The NAR attributed much of the loss to two factors: First-time homebuyers, who are often entry-level buyers, accounted for about half of all purchases during the quarter. And many buyers took advantage of the deeply-discounted prices of foreclosed properties and short sales. These “distressed properties” typically sell for 20% less than traditional homes, according to NAR. These homes also accounted for about half of all transactions.
Trade Deficit widens
The U.S. trade deficit rose in March for the first time since last July as the global recession cut sharply into sales of American exports.
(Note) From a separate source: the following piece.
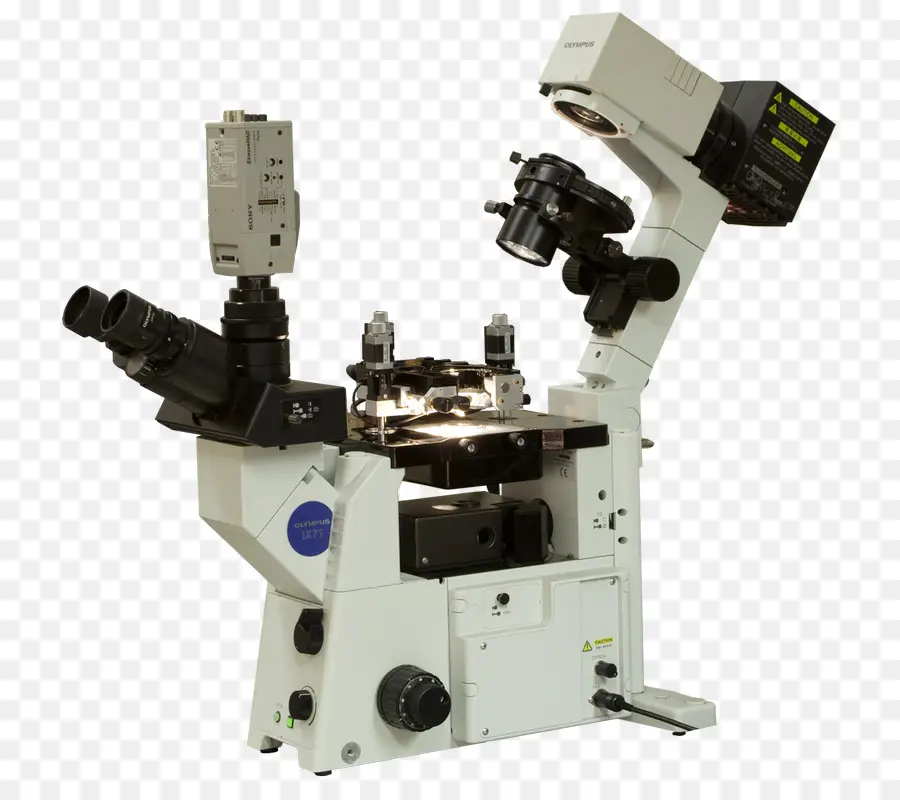 Microscopio，Microscopía De Sonda PNG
The Commerce Department says the deficit widened to $27.6 billion in March, slightly lower than the $29 billion gap that economists had forecast. The politically-sensitive trade deficit with China also increased.
Ford seeks to raise cash
Ford Motor says it will offer 300 million common shares in a public offering to help meet funding requirements for retirees’ health benefits
Based on Monday’s closing stock price, the offering could raise nearly $2 billion dollars. The automaker says it will use part of the profits to pay into a health care trust for its retired workers under its agreement with the United Auto Workers union.
GM stock falls to 76-year low
General Motors stock plunged 23% to a 76-year low this morning, a day after a group of GM executives disclosed they had sold shares in the struggling automaker.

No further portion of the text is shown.